The Prehistoric Christ
The Beatrice Institute, one of our sponsoring institutes, produced this exciting podcast interview. In this interview with Matthew Milliner, Ryan McDermott and Milliner consider the time before Christ.
We often think of the time before the birth of Jesus Christ in terms of the Old Testament. But what about the humans in other parts of the world, long before the history of Israel begins? Art historian Matthew Milliner joins Ryan to discuss how "the Lamb who was slain from the foundation of the world" might have been present in cultures tens of thousands of years ago. This the first of two parts.
Listen on Apple Music, Spotifiy, or Amazon. Click here for the transcript of the interview.
Archaeologically, evidence such as Meadowcroft Rock Shelter and the Perry Mastodon point to Indigenous history in the United States going back 15,000 years.
What does Christ have to do with the people that used to live here? A richer understanding of the cosmic Christ, who has been present at all times to all people in all places, can help make sense of the long history of humanity.
The Winfield Mounds, also known as DU33, are effigy mounds dating back to the time of Alexandria and Gregory of Nyssa.

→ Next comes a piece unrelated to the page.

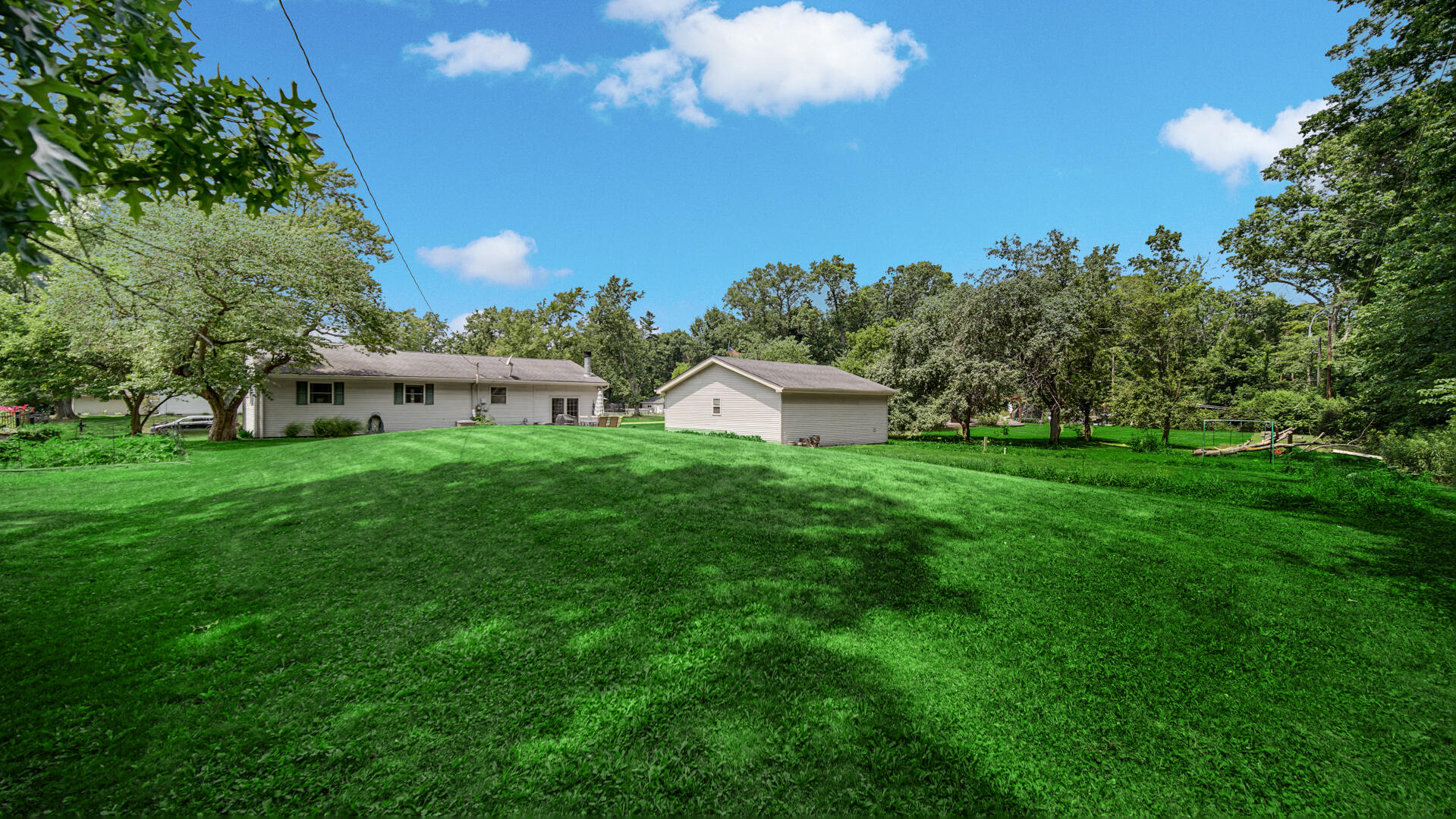 5202 Lynn Lane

They demonstrate humans living in Illinois, near the DuPage River. Their existence testifies to hope and resurrection.
Platonism struggled with belief in the physical resurrection, unlike some other philosophies.
Non-European cultures, such as those exemplified in the Egyptian pyramids and the Terracotta Army, point to mourning, sadness, and an expectation of renewal, as well as a sense that this life cannot be enough.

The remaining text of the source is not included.